Ulka’s voice continues off-camera while the shot focuses on her walking through a snowy quad outside: “There's a lot of work that should be done, that needs to be done on Indian literature: scholarship, dissemination, telling people about what's out there and, of course, teaching it, which is a great way to do that.”

The scene shifts to a montage of classroom shots with Ulka teaching at a white board in front of about 25 students in desks facing the front.

Ulka again speaks to the camera before the scene shifts to a voiceover on top of a slow motion pan backwards from a blue sign in front of a green building that says “Mandel Center for the Humanities.” She says, “My name is Ulka Anjaria. I am a professor of English here at Brandeis and I'm also the director of the Mandel Center for the Humanities. I teach Indian literature and film and also global fiction.”

The camera pans around Ulka outdoors in a brick academic quad while the text, “Ulka Anjaria, Citizens of the World” appears on the screen.

Students move into a classroom with a projector on a screen. Ulka says in a voiceover, “I hope my classes surprise students because they rarely fall into stereotypes of what people expect about India or Pakistan or other countries in south Asia.”

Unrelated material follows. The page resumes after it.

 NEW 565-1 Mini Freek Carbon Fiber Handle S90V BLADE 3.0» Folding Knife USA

Ulka continues to speak to camera, saying: “From the U.S. perspective, if you look at media or you look at representations of India or anywhere else that's really not in the West, it's often very negative but I think when you read the books from the place, you watch the films and you study it closely, you get a much better understanding of the richness of a place.”

As she speaks about Bollywood films, a series of clips from Bollywood movies parade across the screen. These films are not named, but we see a man on horseback, a woman riding a caravan pulled by horses, a man shooting a gun, and a woman looking mournfully at the camera as a man walks away before he turns to look back at her over his shoulder, a woman belly dancing, and a couple in formal attire on a red carpet.

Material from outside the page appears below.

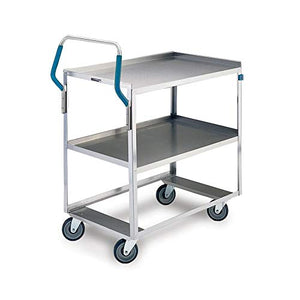 Lakeside Manufacturing Ergo-One Series Utility Cart, Stainless Steel, 2 Shelves, 500 lb. Capacity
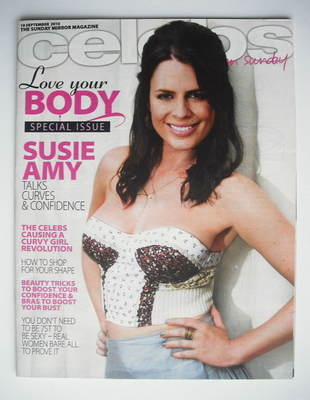 Celebs magazine - Susie Amy cover  (19 September 2010)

She says, “Bollywood is one of these subjects that a lot of people misunderstand because they think that it's just a cheesy plot that's formulaic and the same story is told over and over again. I have researched the grammar of Hindi cinema and I actually look at how Bollywood actually works, why are there song and dance sequences, why is it always a love story. My Bollywood class is really a class where you can love the films and analyze the films. It's a class about how you study something that you love. A lot of the students come away from that class really falling in love with Bollywood.”

Scene shifts to a classroom of rows of desks seating 25 students facing the front of the room as she speaks off screen: “I teach classes of a range of sizes. In my Bollywood class it's quite big. It's more of a lecture class. It sometimes can have 90 or 95 people in it but the majority of the classes that I teach at Brandeis are seminar classes [of] 15 to 25 people and that really is the ideal size for a classroom. I get to know the students, they get to know me and they get to know each other.”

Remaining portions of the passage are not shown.